Less and less students are developing interests in trades. Many don’t even think about the possibility. A study by Deloitte revealed that the declining trades industry will leave 2.4 million positions unfilled from 2018-2028, worth nearly $2.5 trillion of pay. 

“We all need construction workers to build bridges and houses, manufacturers to manufacture our cell phones, we need people to come and fix our plumbing and painters to paint,” said machine shop teacher Joe Hyser. “[Trades] account for about 30% of our nation’s GDP.”

Many trades have nationwide unions with high starting wages, excellent healthcare, and retirement contributions. Most technical colleges will land you with a degree in only two years, or a certification in even less time. 

Pursuing a post secondary education isn’t cheap and most who do end up in considerable debt. While the same can be said for vocational school, graduates often end up in significantly less debt, and find almost immediate employment upon graduation.

At South it seems as if college is an expectation. While most other high schools offer a handful of technical classes (automotive, woodworking, etc.), South has only one. I love machine shop. It’s one of the biggest things that motivated me to consider going into a trade. But machining is only one of the hundreds of technical careers available, which could potentially discourage students if it’s the only experience they’ll ever have with a trade and don’t enjoy it.

South has a plethora of classes, including wide variety of AP and CIS classes. It is an atrocity that we only offer one class that is a part of a non-college related career.

“[Student’s don’t pursue trades] because South doesn’t advertise it as an option,” said junior Skyler Cronin, who is planning on going into a carpentry apprenticeship. “Schools tell you ‘you need to go to college’ and that’s the end of it. That’s why the ACT is so big and we have so many AP classes. If there was more exposure to trades we would have a lot more students looking at them.”

South has a lot of resources for students planning to pursue college. The College and Career Center, Project Success, PSEO, but the idea of anything besides college isn’t really touched on. Sure, it is briefly mentioned, but students aren’t advised in the process of applying to vocational school or finding apprenticeships.

“America has heavily ingrained itself in pursuing a college education because it funds capitalism because there’s an *ss-load of money you pay to go to college, but what’s that for?” said senior Leon Wong, who wants to be an electrician. “Nowadays you’re not even ensured a job [with a college degree].”

The New York Federal Reserve Bank released a report in November showing that recent college graduates (ages 22-27) are more likely to be unemployed or underemployed compared to overall workers. 

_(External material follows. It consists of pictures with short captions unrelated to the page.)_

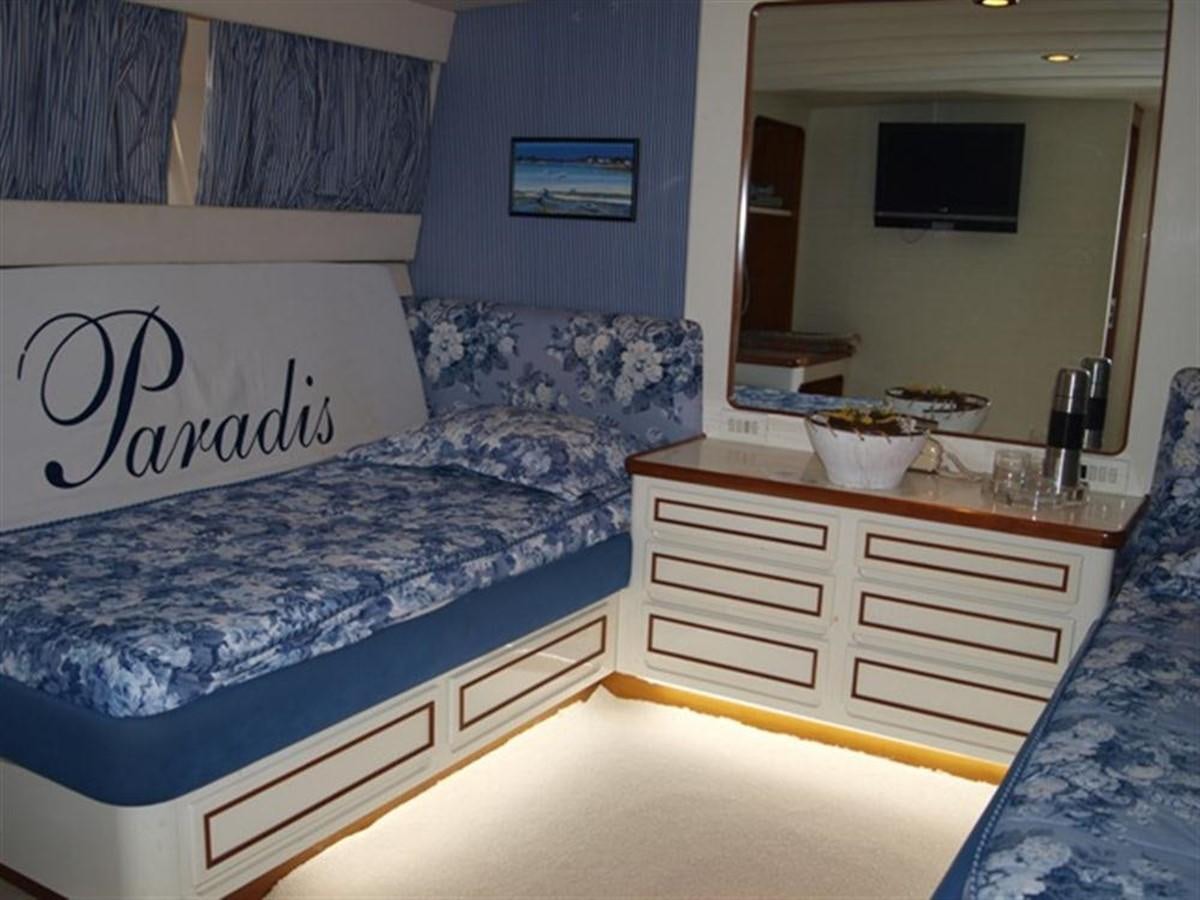 a room with a bed and a desk aboard PARADIS Yacht for Sale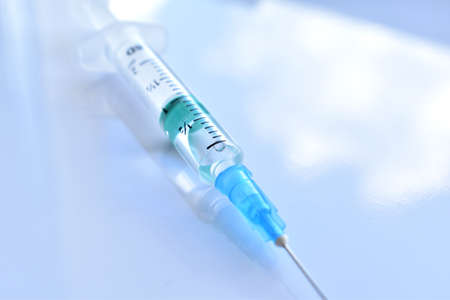 Medical syringe with a vaccine. Epidemic. Blood collection and injection conceptの写真素材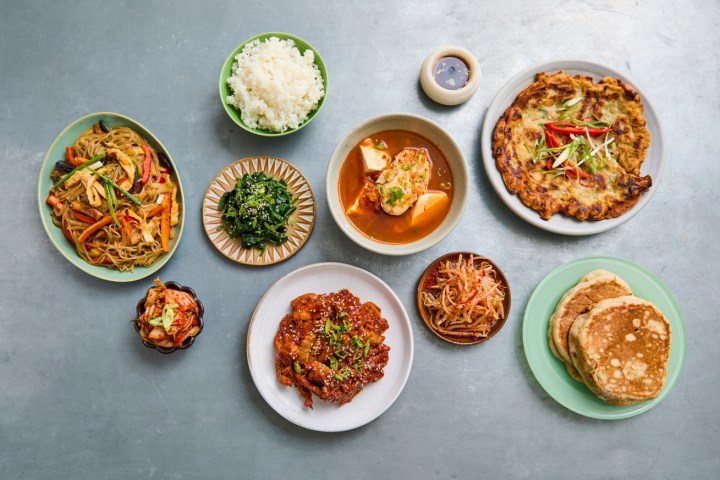 Assorted Korean dishes on a gray table, including pancakes and rice.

There is money to be made in the trades for young people willing to work. Starting wages are upwards of $20 with full benefits, matching retirement savings, unions, and really good insurance (being that these jobs are usually very physical). And most of the jobs are secure, because we are always gonna need these careers.

“When you can be 19 years old, have your 2 year certification and start out at $30/hr, that says a lot,” said Hyser. “We have people in the trades that are buying their own house at 24. That’s what we used to call ‘The American Dream’ which has now become ‘The American Fantasy.”

We need a district level change. Students are being conned into hundreds of thousands of dollars of debt because of the nation-wide expectation of college. The Washington Post revealed that only 27% of college grads have a career that relates to their major.

Students leave high school, go to college due to a lack of direction, buy an education with a useless degree, and suffer for the next many years of their lives for it while possibly just working for minimum wage. 

We demand exposure. We need more technical classes, and exponentially more information given. It is wrong to hide these options from us. We require the means to pursue a better life, and only being exposed to half of our options is an outrage.